In opposition, LL has failed to a triable issue of fact as to why the indemnification provision should not be enforced. The evidence submitted by LL in opposition merely establishes that Northbay, "undertook general duties to oversee the work and to ensure compliance with safety regulations," which is insufficient to raise a triable issue of fact as to whether Northbay was negligent and, therefore, was not entitled to contractual indemnification (id.). In this regard, Meir Babaev testified that he did not supervise any of the work at the job site, and that his involvement at the site was limited to weekly walk-throughs with Mr. Johansen, "[j]ust to confirm the building was being built,"and weekly meetings with Mr. Johansen and possibly with LL, if it was at the site. Thus, that branch of Northbay's motion for contractual indemnification against LL is granted, and that branch of LL's motion to dismiss Northbay's claim for contractual indemnification is denied. Further, that branch of Northbay's motion to dismiss LL's claim for contractual indemnification against it is granted as Northbay has demonstrated its entitlement to indemnification under its contract with LL, and LL has failed to submit any opposition.

That branch of Northbay's motion for summary judgment on its claim for common-law indemnification against LL is denied. While Northbay has made a prima facie showing that it was not negligent, a material question of fact exists as to whether LL created the allegedly dangerous shaft condition or had notice of it. On the one hand, LL has demonstrated that it did not have notice of the allegedly dangerous shaft condition. In this regard, LL argues that Albert Babaiev, owner of LL, testified that on any of the occasions he had been at the site, no one ever complained to him about the condition of the site as far as safety was concerned; that when he visited the job site two or three times one week before the accident, he observed that the subject shaft was covered with plywood with wood around it, and that the top of the wood was covered red mesh; and that in that week, he had never seen the subject shaft uncovered or without barricades or orange mesh.

However, as to whether LL created the allegedly dangerous shaft condition, Meir Babaev, owner of Northbay, testified, in effect, that LL was responsible for creating, covering and replacing the shaft (supra). LL does not address this deposition testimony. Further, the testimony cited by LL with respect to MVP's involvement at the site fails to demonstrate that MVP was working at the shaft location on the day of the accident or that it created the allegedly dangerous condition.

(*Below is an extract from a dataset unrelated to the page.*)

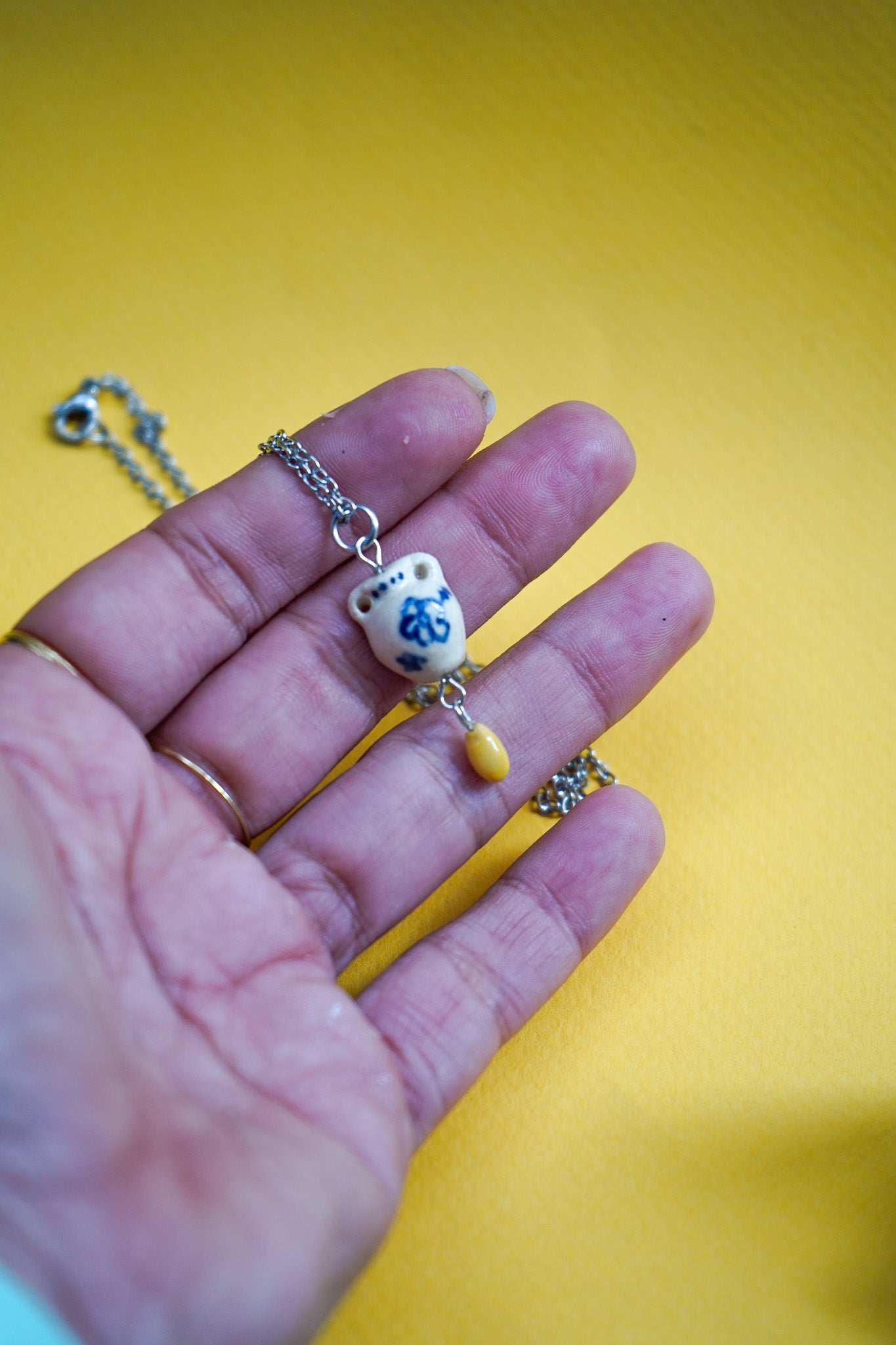 Collar jarrones con gota de colores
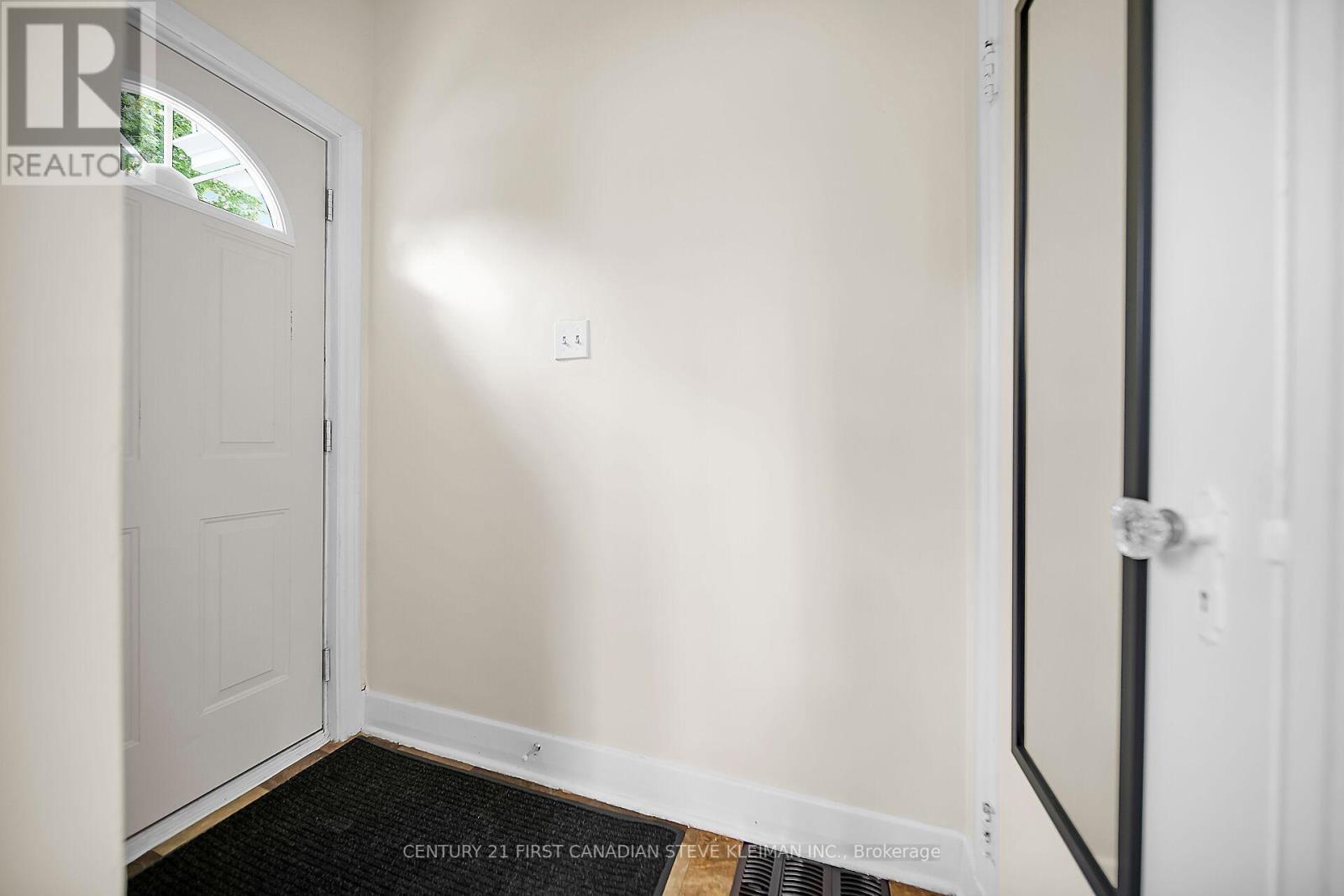 427 Grey Street, London East, Ontario  N6B 1H1 - Photo 6 - X12201224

In this regard, the cited testimony only indicates that MVP was working in or around the shaft a week to 10 days before the accident, and that on the day of the accident, MVP was performing mechanical installation (installing duct work or a metal sheet) on one of the floors in the building. In addition, when Albert Babaiev, owner of LL, was asked who determined the manner in which the shaft was supposed to be covered, he replied: "Again, I'm going to tell you the same thing. Usually we do that," and that he had learned how from Mr. Ellerby (emphasis added). On the other hand, as LL asserts, Mr. Papa, owner of MVP, testified that Mr. Johansen would coordinate and take responsibility for opening and closing the shaft at the request of the subcontractors; and that MVP employees did not open or close shaft openings, but would ask Mr. Johansen to do so, because it was not part of MVP's job. Thus, a material question of fact exists as to whether LL was responsible for creating the allegedly dangerous shaft condition.

Based upon the foregoing, that branch of Northbay's summary judgment motion for common-law indemnification against LL is denied, that branch of LL's motion to dismiss Northbay's claim for common-law indemnification against it is denied, and that branch of Northbay's motion to dismiss LL's claim against it for common-law indemnification is denied.

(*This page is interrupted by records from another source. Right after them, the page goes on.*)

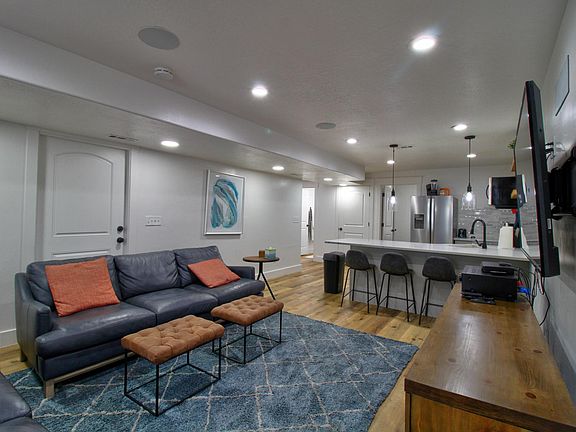 3rd image of 257 E 1130th St S #2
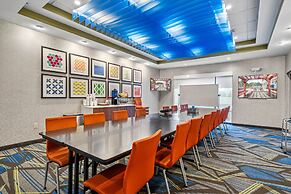 Holiday Inn Express & Suites Lakeland South by IHG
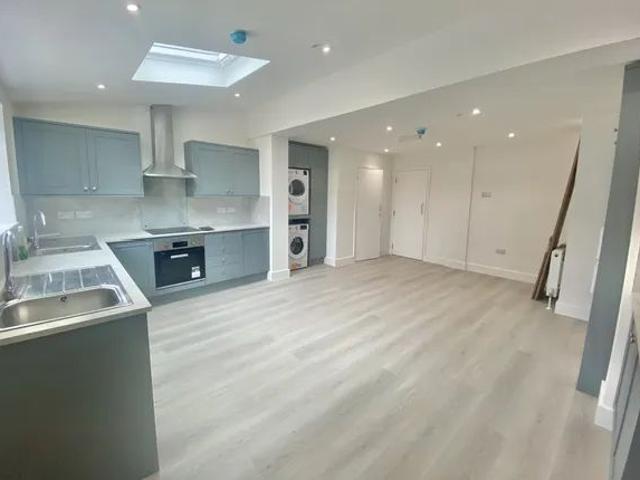 Studio for rent in Tilbury, Essex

Northbay and LL move for summary judgment dismissing plaintiff's Labor Law § 200 and common-law negligence claims. Plaintiff does not oppose these branches of defendants' motions. LL's affirmation in partial opposition to Northbay's motion for summary judgment does not oppose this branch of Northbay's motion, although, as noted above, it opposes those branches of Northbay's motion seeking contribution and indemnification from it. In any event, "Labor Law § 200 is a codification of the common-law duty of landowners and general contractors to provide workers with a reasonably safe place to work" (Wadlowski, 150 AD3d at 931).

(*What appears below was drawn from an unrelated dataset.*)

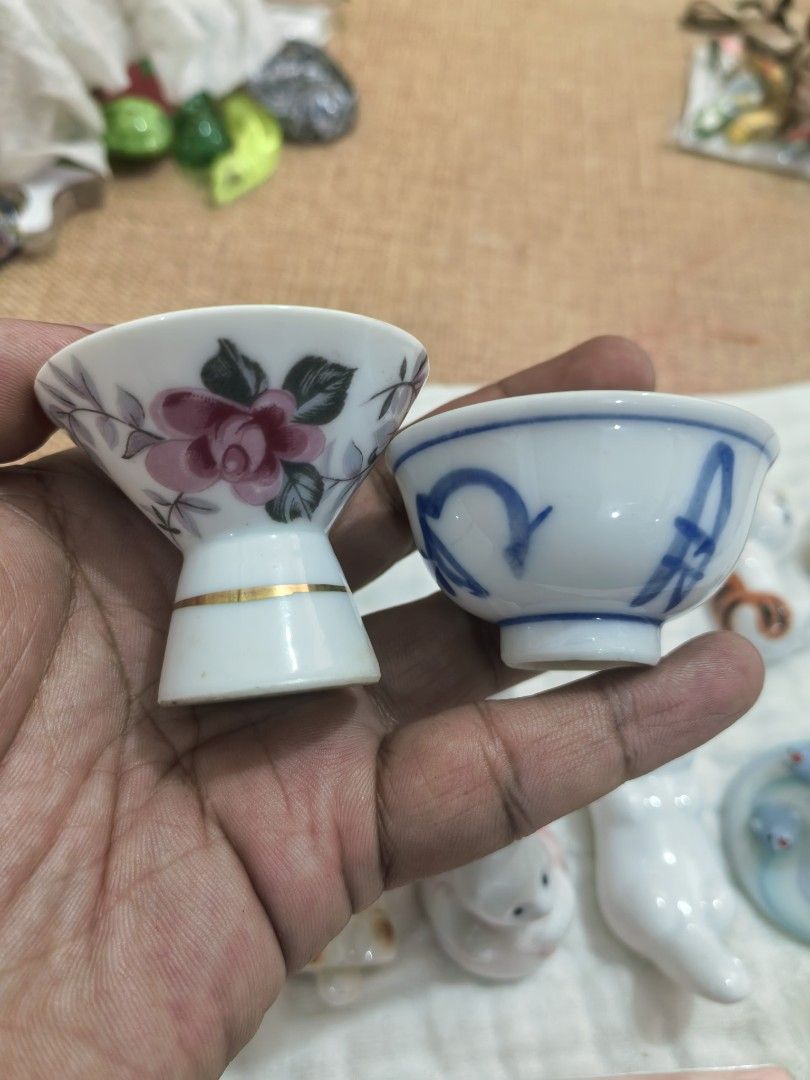 Chopstick Rest Set of 12 (Category: Other Kitchenware & Tableware) located in Cebu City. Submitted by dudes_villanueva (Listing ID 1447885468, Image 2). Description: Chopstick Rest Take All Sold as is where is.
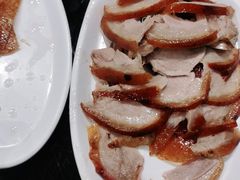 -皇城根·鲁菜济南菜·吊炉烤鸭·炒鸡鱼头(济南旗舰店)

In light of the court's determinations that Northbay has made a prima facie showing that it was not negligent, and that a triable issue of fact exists as to whether LL was negligent, this branch of Northbay's motion to dismiss plaintiff Labor Law § 200 and common-law negligence claim is granted, and this branch of LL's motion to dismiss plaintiff's Labor Law §200 and common-law negligence claims is denied.

Northbay also moves to dismiss MVP's cross claims and counterclaims for contribution and contractual indemnification. With respect to MVP's contribution claim, Northbay argues that it has not contributed to plaintiff's accident. With respect to MVP's claim for contractual indemnification, Northbay contends that it did not enter into a contract with MVP. MVP has not opposed this branch of Northbay's motion.

MVP moves for summary judgment dismissing Northbay's fourth third-party complaint against it, which seeks contribution and common-law and contractual indemnification. In support of this branch of its motion, MVP argues that it was not negligent and did not enter into a contract with Northbay.

As an initial matter, both of these parties concede that they did not enter into a contract with one another. Moreover, as MVP points out, Mr. Johansen testified that he did not review a contract between MVP and any entity involved in the project. Further, none of the defendants in this action have produced a copy of an agreement entered into with MVP. As such, that branch of Northbay's motion to dismiss MVP's claim against it for contractual indemnification, and that branch of MVP's motion to dismiss Northbay's claim for contractual indemnification against it are granted.

That branch of Northbay's motion to dismiss MVP's claim for contribution is also granted. Northbay has demonstrated that it did not contribute to plaintiff's accident, and MVP has failed to submit any opposition.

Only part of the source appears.